• [COLLECTED MATERIAL]:
.....
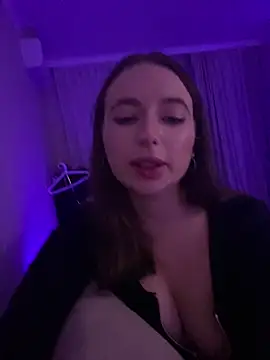 AlisaQSky online show from 10-12-25, 05:25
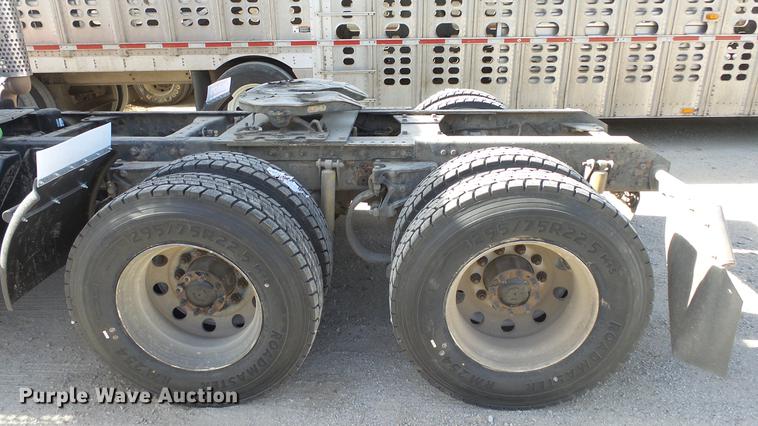 image for item DC0534 2014 Kenworth T660 semi truck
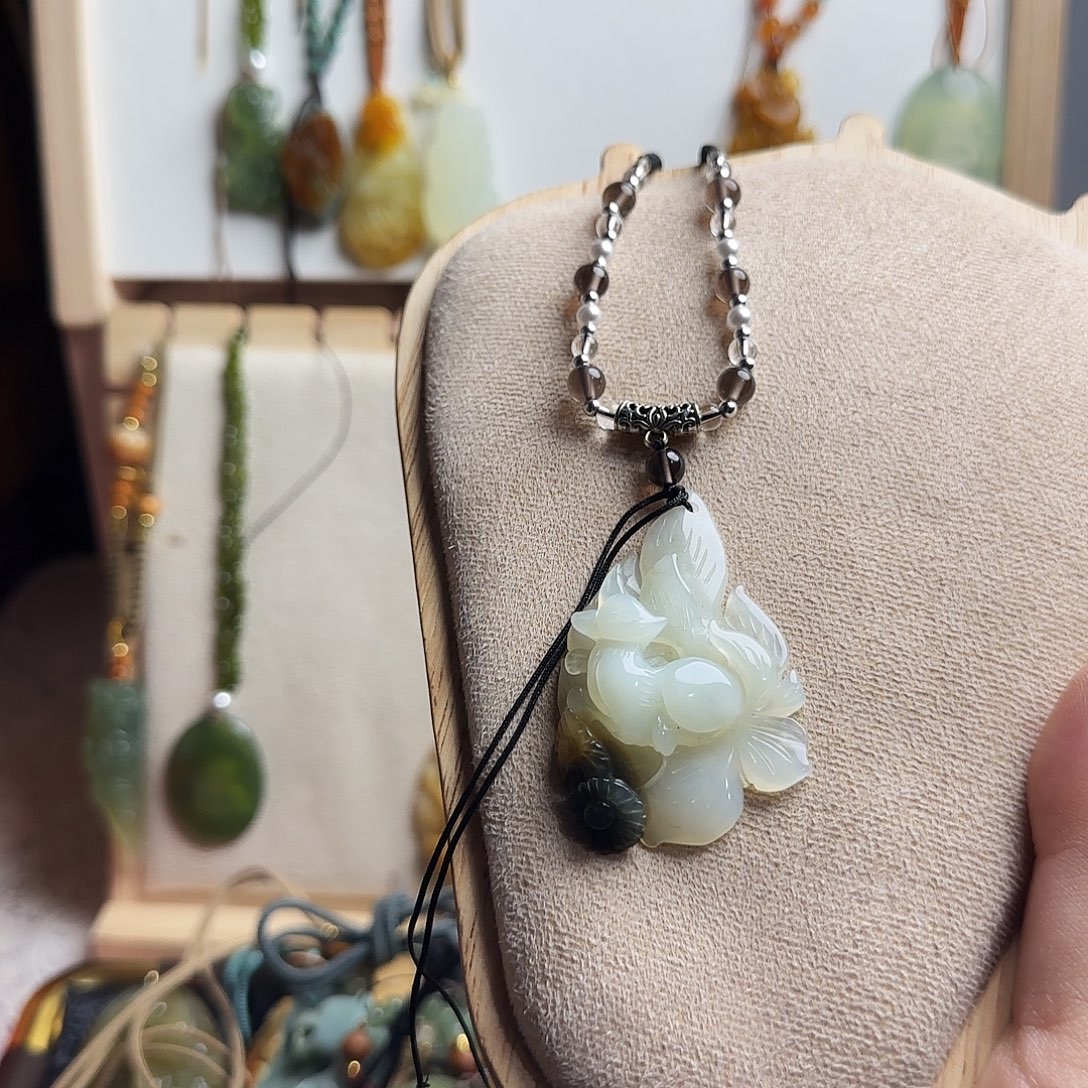 一****蛇纹石玉合金颈饰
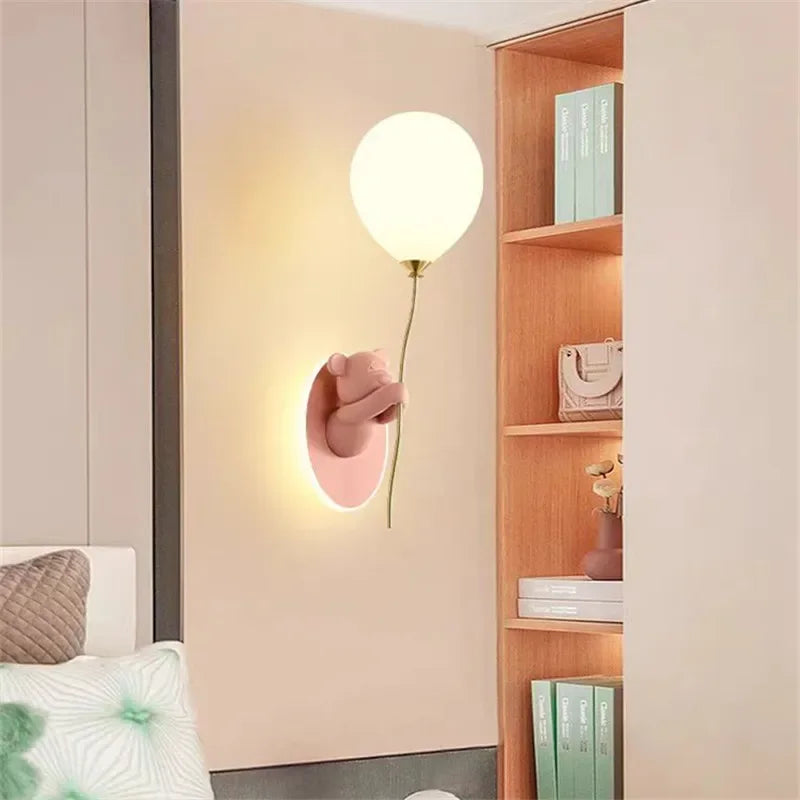 Bear Balloon Wall Lamp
.....
• [WORK TO BE COMPLETED]: The task calls for every line of the data to be returned exactly, without pictures.

• [ANSWER TO THE PROBLEM]:
 AlisaQSky online show from 10-12-25, 05:25
 image for item DC0534 2014 Kenworth T660 semi truck
 一****蛇纹石玉合金颈饰
 Bear Balloon Wall Lamp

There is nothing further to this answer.